Commercials on TV made this one look like a traditional horror movie centered around a bizarre insect infestation and helmed by the director of The Exorcist. But it's not as advertised ... at all. If you want a title like that, pick up 2006's Slither, a tongue-in-cheek look at a small town overrun by creepy crawlies.
Unlike its misleading promos would lead viewers to believe, Bug is a psychological case study, based on a play by Tracy Letts (who also wrote the screenplay). With the film's extremely limited exposition—the only sets are a seedy motel room and a dive bar—and bizarre monotone dialogue for two-thirds of the film, it reeks of something that succeeded on the stage but perhaps didn't translate to film as well.
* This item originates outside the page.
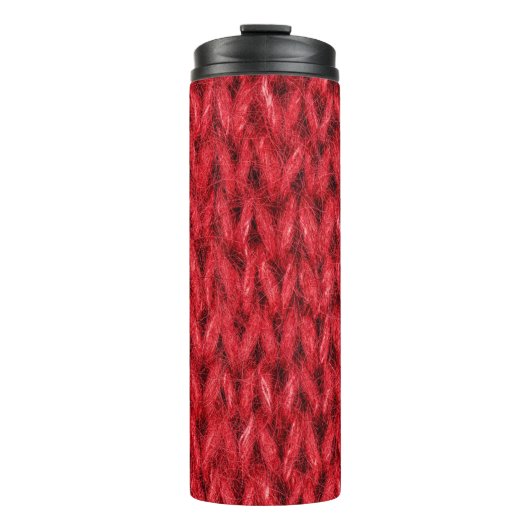 Rood breiwol textuur achtergrond. thermosbeker (Voorkant)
Agnes (Ashley Judd) is a woman living a dreary life, perpetually pestered by and fearful of her abusive ex, Jerry (Harry Connick, Jr., Hope Floats). When a drinking buddy brings a stranger with a checkered past (Michael Shannon, World Trade Center) to her house, the two form an odd bond and quickly become ensconced in a world of insects and intrigue.
Judd and Shannon both turn in rather interesting portrayals of characters at odds with the world, but don't be surprised if this film is much more of a hit with psychology professors than horror fans. Unless one is in a decidedly contemplative mood, the theme is almost too much to process.